Annie Emaux’un “Seneler” adlı eseri, toplumun yerleşik ve katı kuralları altında kendi yolunu çizmeye çalışan, bunu yaparken çevresinde olup bitenleri süzgeçten geçirerek yolunu bulmak için gayret gösteren bir kadının portresini çizer. Kadın olmanın insan olmakla eş tutulmadığı dönemlerin ardından tüm insanlığı yeni zorluklar beklemektedir. Sorunlar sadece bununla kalmaz; tüm toplumu etkileyecek kararlar, insanların rızası alınmadan bir grup insanın çıkarına göre düzenlenir. Oy kullanmak için sandığa gitmemiz ve bunun sonucunda bizi temsil edecek kişiye yetki vererek görevlendirdiğimizde ilerde bizim aleyhimize sonuçlanacak bir dizi karara bizzat imza atmış oluyoruz. Bu da bize dayatılan temsili demokrasinin getirdiği oy kullanma hakkının işlevsizliğini gösterir. Tüm bunlara rağmen demokrasi sözcüğü sürekli aşina olduğumuz fakat hiçbir zaman faydasını göremeyeceğimiz bir olgu haline döner. Bu şekilde yönetilen toplumlarda; kadın olmak, genç olmak, işçi olmak bir ıstırap haline gelir. İnsanın çaresizliğinin ayyuka çıktığı, her kesimin kendini ifade etme hakkının elinden alındığı bir topluma dönüşüveririz. Öyle ki bu kesimler birbirini anlamamak için çaba sarf eder.  Yazar bunca olumsuzluğun karşısında, umudu yerleştirerek var olmaya çalışmanın başlı başlına umut taşıdığını gösterecektir bize.

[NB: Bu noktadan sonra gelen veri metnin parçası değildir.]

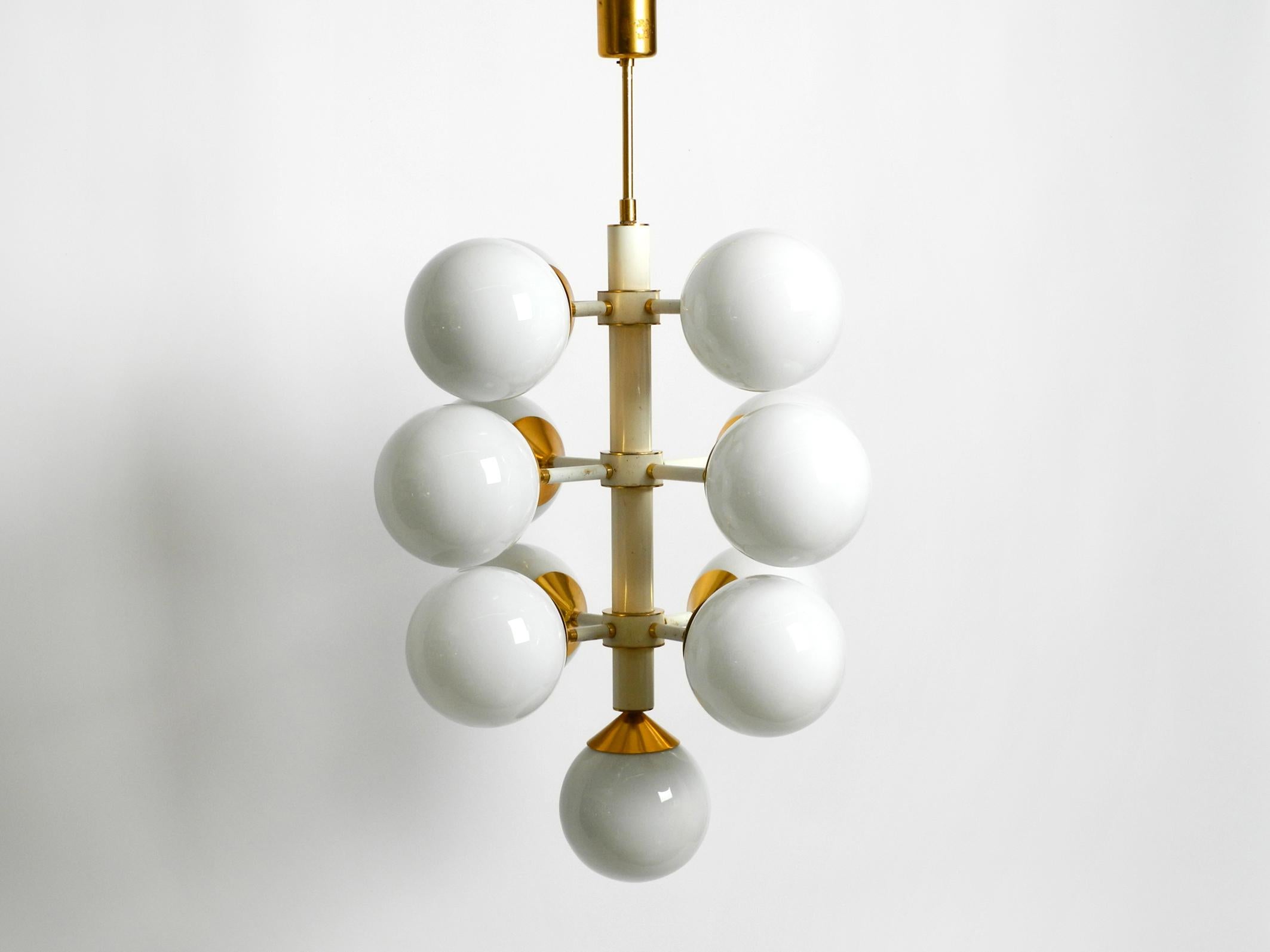 Beautiful rare large 1960's Space Age brass ceiling lamp with 13 white spherical glasses.
Frame is made entirely of metal.
The cups for the glass balls are made of brass with an anodized copper color.
Made in Germany. Great sixties Space Age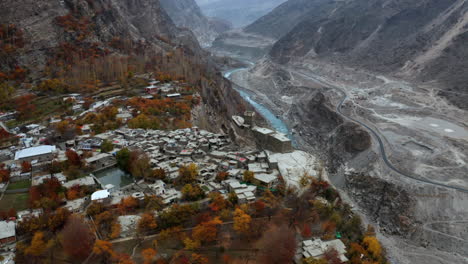 Aerial-circling-above-ancient-Altit-fort,-Hunza-Valley-in-autumn-colors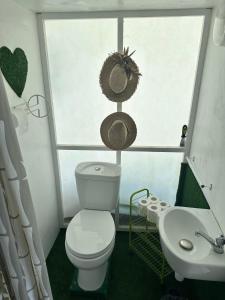 a bathroom with a toilet and a window and a sink at Beach & Calm at Fare Temehani in Fitii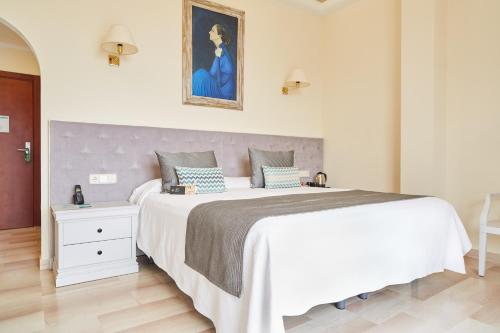 a bedroom with a large white bed and a painting on the wall at Grand Hotel Palladium Santa Eulalia del Río in Santa Eularia des Riu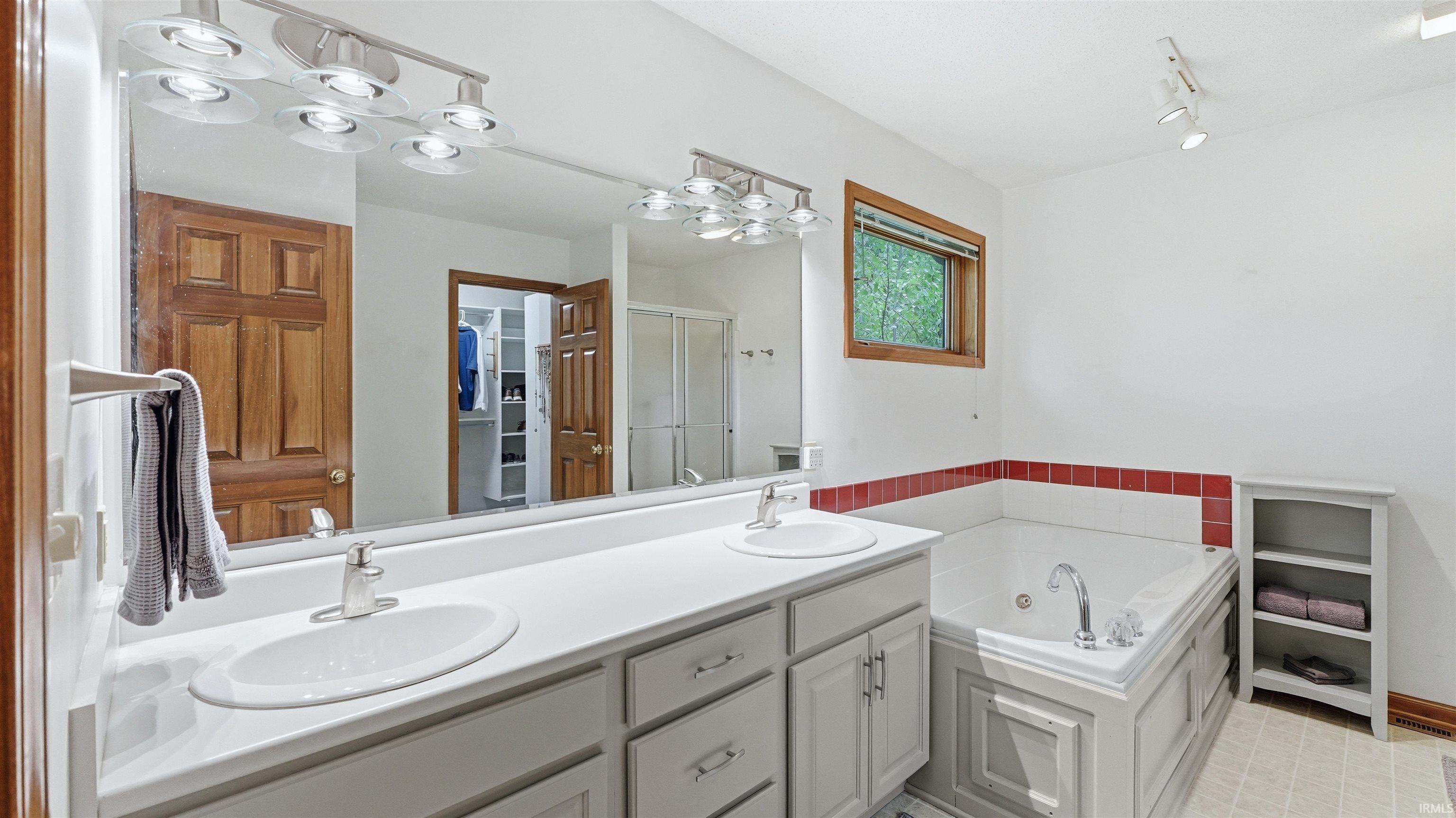 Bathroom featuring a dual vanity with white countertops, integrated sinks, and light gray cabinetry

Yazar;  kadınların ve erkeklerin yan yana yürümekten çekindiği, dünyanın her karış toprağında gerçekleşen katliamları, karneyle verilen yağ, şeker ve hak arayışında olan emekçileri kendini merkeze koymadan ustalıkla biyografisiyle birleştirmeyi başarmıştır. Fırtınalarla geçen yılların hafızalara işlendiği, yeni kuşakların dahi etkilendiği bir boyuta ulaşır duruma gelmiştir. Tam da böyle bir durumda, ailenin dahi çocuklarını anlamadığı bir ortamda büyüyen bir kadının kendi hikâyesini anlatırken toplumun içinde olduğu kargaşayı, umuda sarılarak açıklamaya çalışır.  Karamsar bir bakış açısıyla yazılan eser,  müdahale edemediğimiz kötü zamanların karşısındaki çaresizliğimizi ifade eder. Belki de yazar bu karamsarlığıyla geçmişte insan hayalini ve insanı yok etmeye çalışan bir grup insanın yaptığını gelecekte de yapmaya çalışacağını bize haber vermek için kullanmıştır. Eserine “Bütün görüntüler yok olup gidecek.” şeklinde başlaması, bizimle başlayıp bizimle biten görüntülerin zamanı geldiğinde yine bizimle yok olacağını haber verir. Zamanı geldiğinde kaybolmaya başlayan görüntüler bizle beraber yok olacak fakat toplum  nezdinde var olmaya devam edecektir. Yaptığımız ve yapacağımız her şey ilerde bizden sonraki kuşakların başvuracağı şeyler haline dönüşür. Yazar tüm bunların yıkıcılığını hesaba katarak kendisinden sonraki kuşağa özlem duyduğu dünyayı kendi dönemindeki dünyadan ayırarak anlatmaya koyulur.  “Seneler” hem bir kadının bireysel tarihini hem de kolektif tarihi yan yana getirerek bizi farkında olmaya çağırıyor. 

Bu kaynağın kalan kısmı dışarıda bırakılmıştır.